I watched a very interesting serious historical programme Ancient Invisible Cities on BBC4 here in UK last night about the history of Istanbul, reconstructing lost buildings using 3D scanning and virtual reality. I recommend it.

But my question is about a curious spelling I noted on screen. One of the experts interviewed was Ferudun Özgümüş, an apparently well known academic archaeologist in Istanbul.

On screen his name was spelled Özgümüþ with apparently the letter 'thorn' replacing the final ş. It is in the same uniform serif font - I took a screenshot to be sure I had really seen it. [Can I attach a file?] Thorn represents, in Old English and various Norse languages, the non-voiced th sound.

Is there any basis for using this letter in Turkish?
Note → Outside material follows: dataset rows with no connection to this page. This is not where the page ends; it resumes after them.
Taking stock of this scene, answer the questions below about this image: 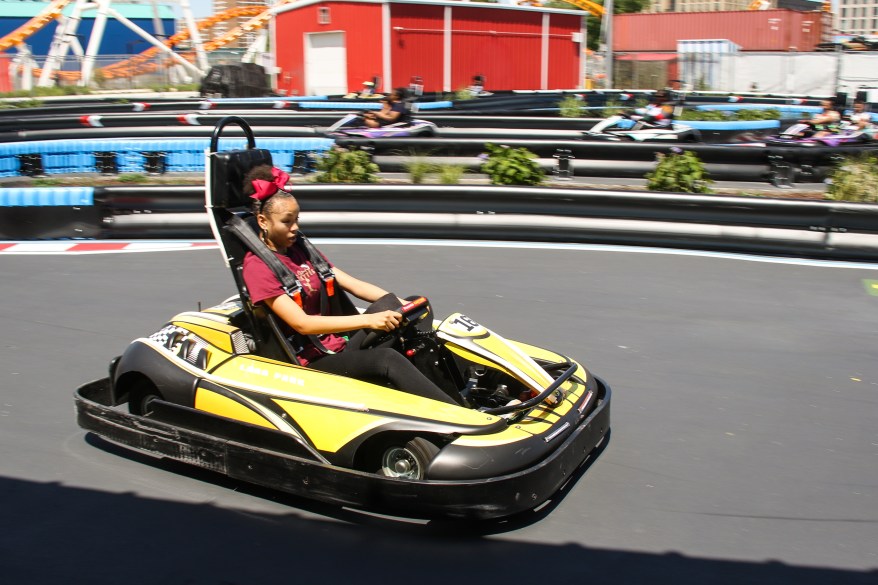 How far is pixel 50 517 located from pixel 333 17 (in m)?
28.8

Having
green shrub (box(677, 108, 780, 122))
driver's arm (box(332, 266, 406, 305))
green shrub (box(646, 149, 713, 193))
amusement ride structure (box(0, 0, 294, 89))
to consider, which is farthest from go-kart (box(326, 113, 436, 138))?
amusement ride structure (box(0, 0, 294, 89))

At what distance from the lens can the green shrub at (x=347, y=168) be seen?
9.86m

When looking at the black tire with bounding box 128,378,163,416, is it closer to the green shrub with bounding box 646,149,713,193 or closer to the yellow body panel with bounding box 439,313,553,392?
the yellow body panel with bounding box 439,313,553,392

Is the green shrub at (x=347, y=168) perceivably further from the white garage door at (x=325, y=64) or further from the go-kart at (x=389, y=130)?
the white garage door at (x=325, y=64)

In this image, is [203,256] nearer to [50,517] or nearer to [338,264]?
[338,264]

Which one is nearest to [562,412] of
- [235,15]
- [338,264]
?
[338,264]

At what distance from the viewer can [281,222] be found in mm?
4156

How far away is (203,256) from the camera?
8.15 meters

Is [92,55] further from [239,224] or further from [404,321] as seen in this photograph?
[404,321]

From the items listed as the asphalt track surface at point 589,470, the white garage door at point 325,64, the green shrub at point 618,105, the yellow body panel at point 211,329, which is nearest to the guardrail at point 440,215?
the asphalt track surface at point 589,470

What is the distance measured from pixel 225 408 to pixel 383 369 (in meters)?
0.72

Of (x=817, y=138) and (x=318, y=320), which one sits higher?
(x=817, y=138)

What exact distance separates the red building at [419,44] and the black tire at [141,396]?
2570cm

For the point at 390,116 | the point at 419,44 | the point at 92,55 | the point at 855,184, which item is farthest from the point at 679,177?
the point at 92,55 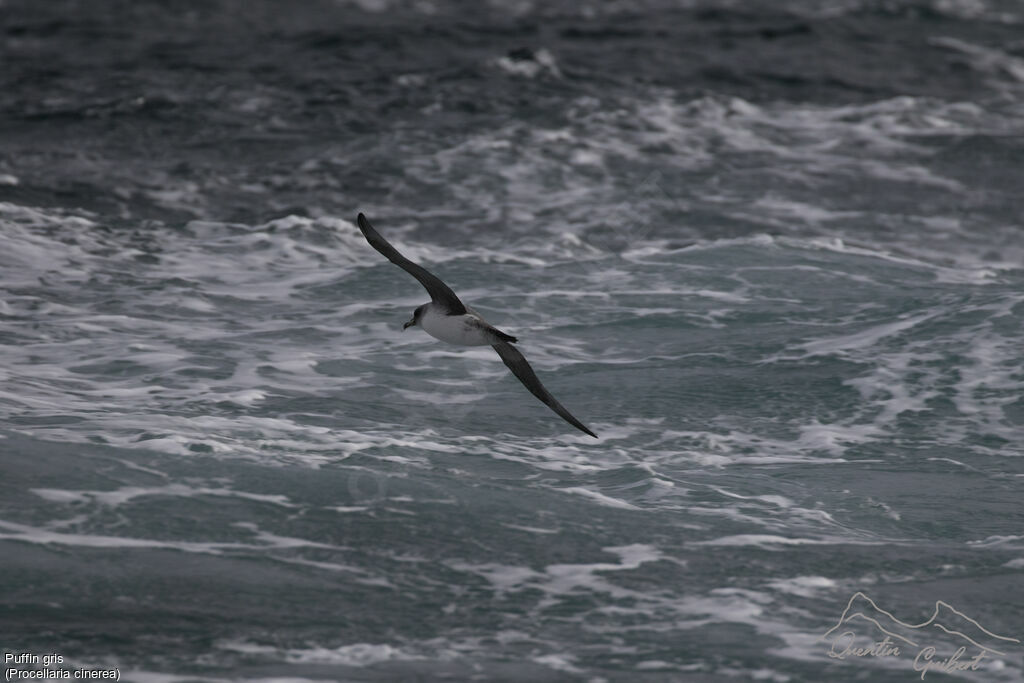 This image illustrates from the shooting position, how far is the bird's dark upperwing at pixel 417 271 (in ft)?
30.2

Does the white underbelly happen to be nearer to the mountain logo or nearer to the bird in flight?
the bird in flight

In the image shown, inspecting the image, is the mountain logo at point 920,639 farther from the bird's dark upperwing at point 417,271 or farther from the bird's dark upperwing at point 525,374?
the bird's dark upperwing at point 417,271

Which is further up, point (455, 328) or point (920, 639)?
point (455, 328)

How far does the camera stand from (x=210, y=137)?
22484mm

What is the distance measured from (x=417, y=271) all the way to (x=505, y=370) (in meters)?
4.72

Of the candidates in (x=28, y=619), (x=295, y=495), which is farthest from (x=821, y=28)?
(x=28, y=619)

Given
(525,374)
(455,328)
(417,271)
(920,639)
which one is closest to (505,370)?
(455,328)

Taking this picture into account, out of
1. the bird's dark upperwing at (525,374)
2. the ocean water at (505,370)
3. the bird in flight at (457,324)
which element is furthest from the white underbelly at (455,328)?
the ocean water at (505,370)

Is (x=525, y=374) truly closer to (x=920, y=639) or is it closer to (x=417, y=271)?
(x=417, y=271)

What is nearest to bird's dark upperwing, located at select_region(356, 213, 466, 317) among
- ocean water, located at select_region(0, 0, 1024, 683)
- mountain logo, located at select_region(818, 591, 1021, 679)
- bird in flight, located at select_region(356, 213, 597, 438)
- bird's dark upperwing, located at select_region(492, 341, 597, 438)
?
bird in flight, located at select_region(356, 213, 597, 438)

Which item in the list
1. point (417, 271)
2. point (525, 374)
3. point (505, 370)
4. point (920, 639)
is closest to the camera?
point (920, 639)

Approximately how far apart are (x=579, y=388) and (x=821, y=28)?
21.2 m

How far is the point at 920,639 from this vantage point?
8.51 meters

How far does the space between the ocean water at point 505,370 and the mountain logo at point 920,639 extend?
0.10ft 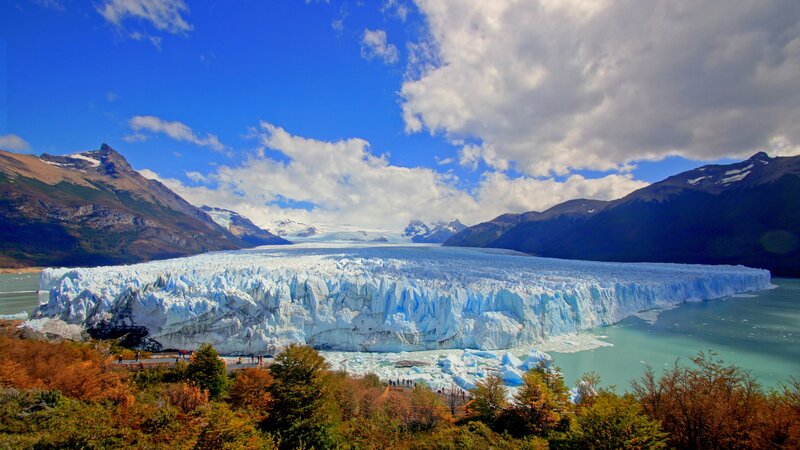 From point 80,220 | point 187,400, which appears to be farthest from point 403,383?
point 80,220

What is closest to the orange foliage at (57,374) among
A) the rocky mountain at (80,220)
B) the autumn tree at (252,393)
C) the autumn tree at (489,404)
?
the autumn tree at (252,393)

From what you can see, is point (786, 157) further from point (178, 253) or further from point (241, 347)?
point (178, 253)

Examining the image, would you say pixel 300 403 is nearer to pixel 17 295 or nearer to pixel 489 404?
pixel 489 404

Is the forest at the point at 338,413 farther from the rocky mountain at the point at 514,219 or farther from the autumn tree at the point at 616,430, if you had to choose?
the rocky mountain at the point at 514,219

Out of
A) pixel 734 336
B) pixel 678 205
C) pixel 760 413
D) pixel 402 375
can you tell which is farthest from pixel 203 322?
pixel 678 205

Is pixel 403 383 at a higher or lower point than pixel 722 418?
lower

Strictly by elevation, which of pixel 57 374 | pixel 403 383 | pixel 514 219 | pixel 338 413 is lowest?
pixel 403 383

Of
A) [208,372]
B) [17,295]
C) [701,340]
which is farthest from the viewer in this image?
[17,295]

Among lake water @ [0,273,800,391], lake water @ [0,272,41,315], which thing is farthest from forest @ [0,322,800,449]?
lake water @ [0,272,41,315] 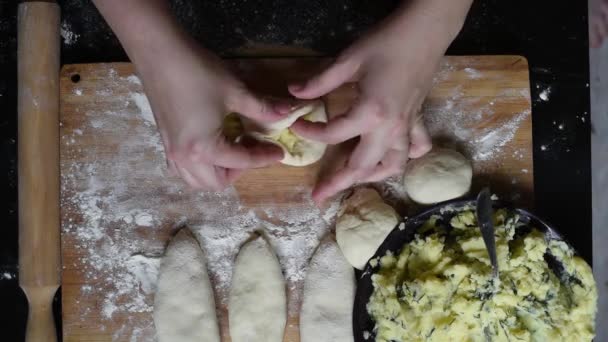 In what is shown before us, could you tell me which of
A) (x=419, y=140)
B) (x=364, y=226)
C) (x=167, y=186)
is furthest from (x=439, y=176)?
(x=167, y=186)

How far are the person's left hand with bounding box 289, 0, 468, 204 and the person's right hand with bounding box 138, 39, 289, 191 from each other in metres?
0.13

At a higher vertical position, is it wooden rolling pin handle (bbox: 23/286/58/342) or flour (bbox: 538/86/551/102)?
flour (bbox: 538/86/551/102)

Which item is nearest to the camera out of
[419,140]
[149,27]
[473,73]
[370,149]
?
[149,27]

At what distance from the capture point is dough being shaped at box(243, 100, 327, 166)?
130 cm

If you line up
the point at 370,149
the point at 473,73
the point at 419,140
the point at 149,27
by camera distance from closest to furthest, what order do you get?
1. the point at 149,27
2. the point at 370,149
3. the point at 419,140
4. the point at 473,73

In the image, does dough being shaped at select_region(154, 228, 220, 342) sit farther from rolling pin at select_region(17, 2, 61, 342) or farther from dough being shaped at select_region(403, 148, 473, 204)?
dough being shaped at select_region(403, 148, 473, 204)

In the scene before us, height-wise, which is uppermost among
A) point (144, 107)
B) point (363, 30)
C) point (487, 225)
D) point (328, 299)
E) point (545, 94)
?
point (363, 30)

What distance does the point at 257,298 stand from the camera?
1.38 metres

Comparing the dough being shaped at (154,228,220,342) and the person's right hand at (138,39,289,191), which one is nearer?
the person's right hand at (138,39,289,191)

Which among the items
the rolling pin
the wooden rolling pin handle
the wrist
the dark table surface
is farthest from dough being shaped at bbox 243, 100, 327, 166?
the wooden rolling pin handle

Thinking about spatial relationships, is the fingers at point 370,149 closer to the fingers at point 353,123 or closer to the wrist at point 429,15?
the fingers at point 353,123

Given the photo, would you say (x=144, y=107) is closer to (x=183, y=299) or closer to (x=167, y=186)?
(x=167, y=186)

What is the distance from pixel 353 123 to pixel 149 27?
1.52 feet

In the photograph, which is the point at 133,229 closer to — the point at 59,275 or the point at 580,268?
the point at 59,275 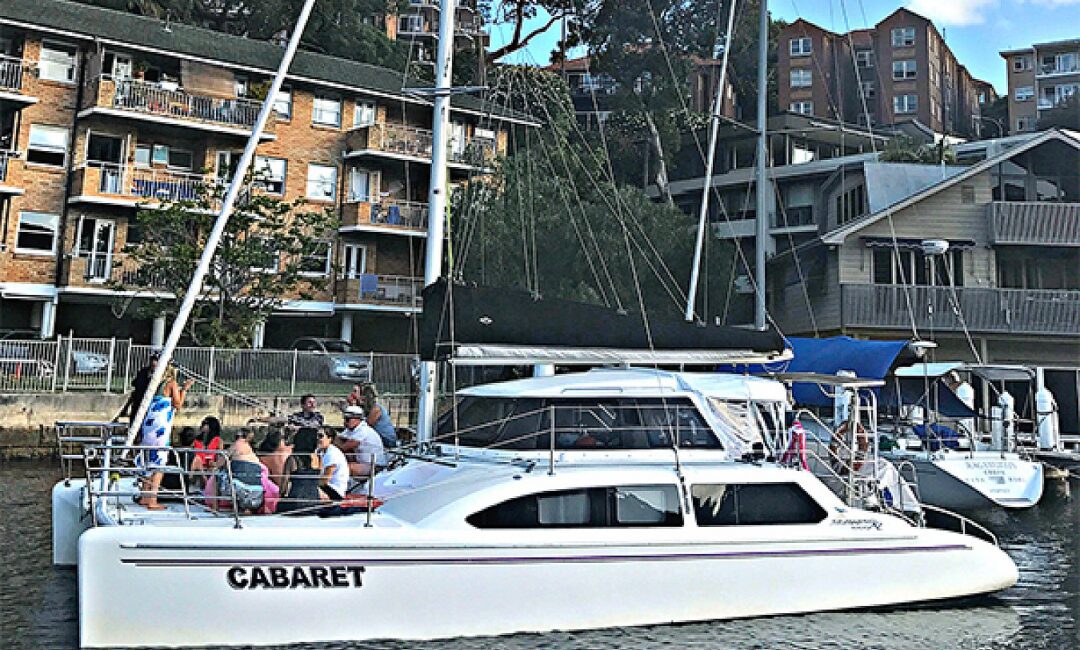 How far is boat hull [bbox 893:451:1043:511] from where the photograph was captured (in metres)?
19.3

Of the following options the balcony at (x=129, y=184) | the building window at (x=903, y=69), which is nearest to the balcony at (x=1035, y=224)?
the balcony at (x=129, y=184)

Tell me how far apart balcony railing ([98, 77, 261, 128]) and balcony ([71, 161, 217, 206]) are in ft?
6.79

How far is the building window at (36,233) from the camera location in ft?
111

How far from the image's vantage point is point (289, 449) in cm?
1012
Or is it perhaps some quirk of the software for putting titles on the screen? I should say this title was part of the original production, not any kind of subtitle generated in real time.

Teşekkür ederim
 
  • Rallino

    Moderatoúrkos
    Turkish
    It's just the software's failure in processing the Turkish diacritics. It used to be more common. But you can still find it every now and then. There are two more:

    ð = ğ
    ý = ı
     

    TimKR

    New Member
    UK
    English-England
    @Rallino Thanks very much. I rather suspected that. Interesting that it occurs for other letters too.
    Coding for multiple variant alphabets remains a difficult job I suppose!